---------- Records to use ----------
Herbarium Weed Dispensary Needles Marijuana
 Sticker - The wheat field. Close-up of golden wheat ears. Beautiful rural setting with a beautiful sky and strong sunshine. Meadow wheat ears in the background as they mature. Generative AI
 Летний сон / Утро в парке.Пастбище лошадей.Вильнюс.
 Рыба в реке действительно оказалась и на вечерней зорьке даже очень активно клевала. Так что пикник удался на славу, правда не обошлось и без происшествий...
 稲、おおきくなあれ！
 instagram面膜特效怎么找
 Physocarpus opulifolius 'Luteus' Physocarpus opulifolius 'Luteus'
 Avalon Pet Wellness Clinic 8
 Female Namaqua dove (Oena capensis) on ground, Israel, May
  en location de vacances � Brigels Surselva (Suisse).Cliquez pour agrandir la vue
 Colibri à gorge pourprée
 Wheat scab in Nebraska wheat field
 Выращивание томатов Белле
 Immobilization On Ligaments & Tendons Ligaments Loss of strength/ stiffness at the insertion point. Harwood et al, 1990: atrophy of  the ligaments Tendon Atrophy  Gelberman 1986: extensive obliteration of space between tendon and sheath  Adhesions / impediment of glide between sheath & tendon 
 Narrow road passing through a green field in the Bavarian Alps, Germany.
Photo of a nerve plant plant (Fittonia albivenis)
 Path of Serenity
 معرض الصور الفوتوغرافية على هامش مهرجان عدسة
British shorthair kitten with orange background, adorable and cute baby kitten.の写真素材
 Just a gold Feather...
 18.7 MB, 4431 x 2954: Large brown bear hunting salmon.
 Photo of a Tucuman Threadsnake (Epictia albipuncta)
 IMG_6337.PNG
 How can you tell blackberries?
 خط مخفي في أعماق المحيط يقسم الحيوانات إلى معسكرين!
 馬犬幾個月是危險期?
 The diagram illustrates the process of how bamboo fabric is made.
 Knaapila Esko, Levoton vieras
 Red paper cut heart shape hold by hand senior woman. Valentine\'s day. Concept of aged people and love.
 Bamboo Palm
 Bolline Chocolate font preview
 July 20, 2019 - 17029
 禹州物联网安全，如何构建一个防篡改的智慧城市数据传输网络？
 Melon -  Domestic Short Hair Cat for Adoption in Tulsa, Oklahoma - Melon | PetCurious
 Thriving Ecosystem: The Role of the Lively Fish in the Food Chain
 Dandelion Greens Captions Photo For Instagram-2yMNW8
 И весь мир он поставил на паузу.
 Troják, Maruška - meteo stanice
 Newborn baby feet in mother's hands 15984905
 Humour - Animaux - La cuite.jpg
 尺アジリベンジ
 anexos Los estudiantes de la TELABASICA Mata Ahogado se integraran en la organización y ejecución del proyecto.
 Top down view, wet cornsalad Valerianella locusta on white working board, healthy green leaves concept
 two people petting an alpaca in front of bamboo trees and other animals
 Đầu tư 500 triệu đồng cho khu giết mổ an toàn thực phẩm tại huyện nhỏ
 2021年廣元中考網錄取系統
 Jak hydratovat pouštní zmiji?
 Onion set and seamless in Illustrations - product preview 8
----------
#### Work to be completed:
Extract from the records above the lines from the one containing "Avalon Pet Wellness Clinic 8" to the one containing "Knaapila Esko, Levoton vieras", both lines included, exactly as they appear and with nothing else.

#### Written solution:
 Avalon Pet Wellness Clinic 8
 Female Namaqua dove (Oena capensis) on ground, Israel, May
  en location de vacances � Brigels Surselva (Suisse).Cliquez pour agrandir la vue
 Colibri à gorge pourprée
 Wheat scab in Nebraska wheat field
 Выращивание томатов Белле
 Immobilization On Ligaments & Tendons Ligaments Loss of strength/ stiffness at the insertion point. Harwood et al, 1990: atrophy of  the ligaments Tendon Atrophy  Gelberman 1986: extensive obliteration of space between tendon and sheath  Adhesions / impediment of glide between sheath & tendon 
 Narrow road passing through a green field in the Bavarian Alps, Germany.
Photo of a nerve plant plant (Fittonia albivenis)
 Path of Serenity
 معرض الصور الفوتوغرافية على هامش مهرجان عدسة
British shorthair kitten with orange background, adorable and cute baby kitten.の写真素材
 Just a gold Feather...
 18.7 MB, 4431 x 2954: Large brown bear hunting salmon.
 Photo of a Tucuman Threadsnake (Epictia albipuncta)
 IMG_6337.PNG
 How can you tell blackberries?
 خط مخفي في أعماق المحيط يقسم الحيوانات إلى معسكرين!
 馬犬幾個月是危險期?
 The diagram illustrates the process of how bamboo fabric is made.
 Knaapila Esko, Levoton vieras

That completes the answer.